▸ **DATA SECTION**
+++

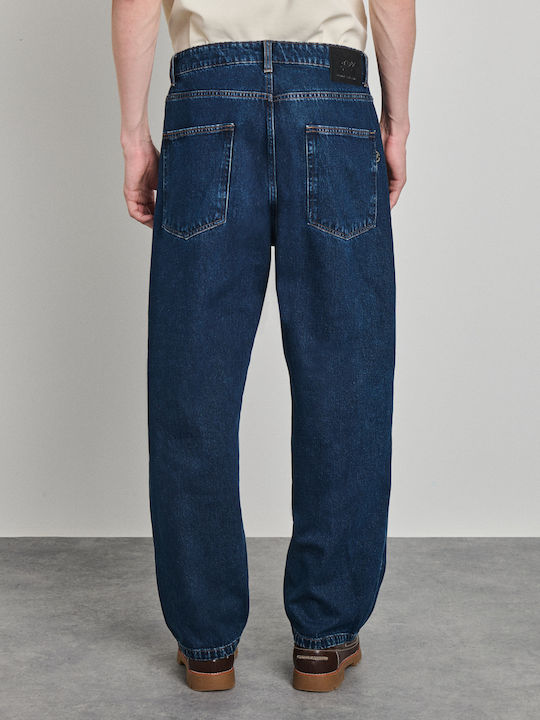 Pantaloni de Blugi Pentru Bărbați Straight Albastru Marin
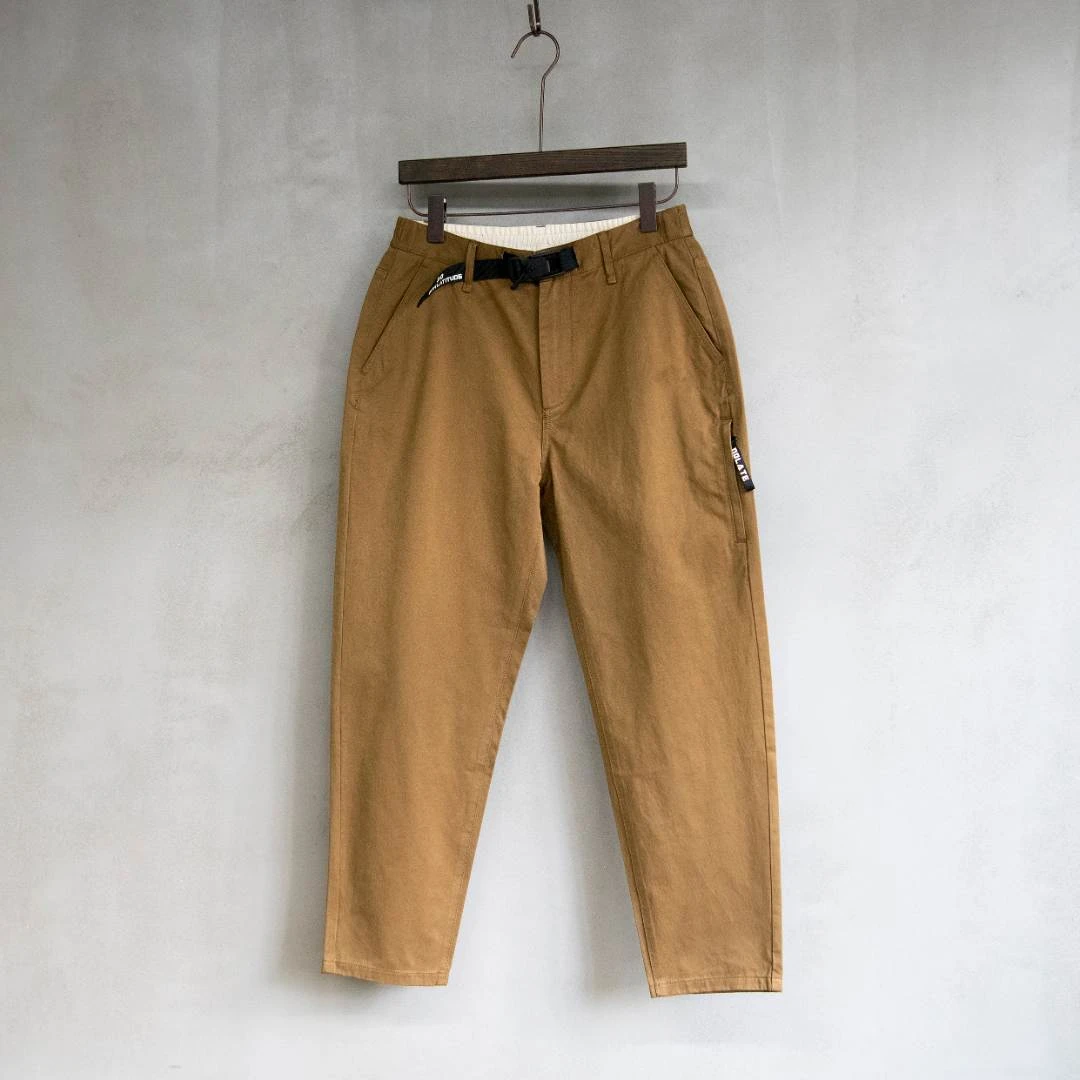 北纬三十度原创设计师贡缎棉男装春季时尚休闲舒适宽松直筒休闲裤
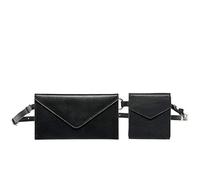 Feynsinn Berlin Sac Banane Vince Cuir véritable | Sacoche Ceinture Petit Femme Noir | Sac de Ceinture Ville Fait à la Main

+++

▸ **ASSIGNED TASK**
Please reproduce the lines above from the one containing "北纬三十度原创设计师贡缎棉男装春季时尚休闲舒适宽松直筒休闲裤" through the final line, exactly and inclusively, leaving out each picture.

▸ **OUTPUT OF THE EXERCISE**
 北纬三十度原创设计师贡缎棉男装春季时尚休闲舒适宽松直筒休闲裤
 Feynsinn Berlin Sac Banane Vince Cuir véritable | Sacoche Ceinture Petit Femme Noir | Sac de Ceinture Ville Fait à la Main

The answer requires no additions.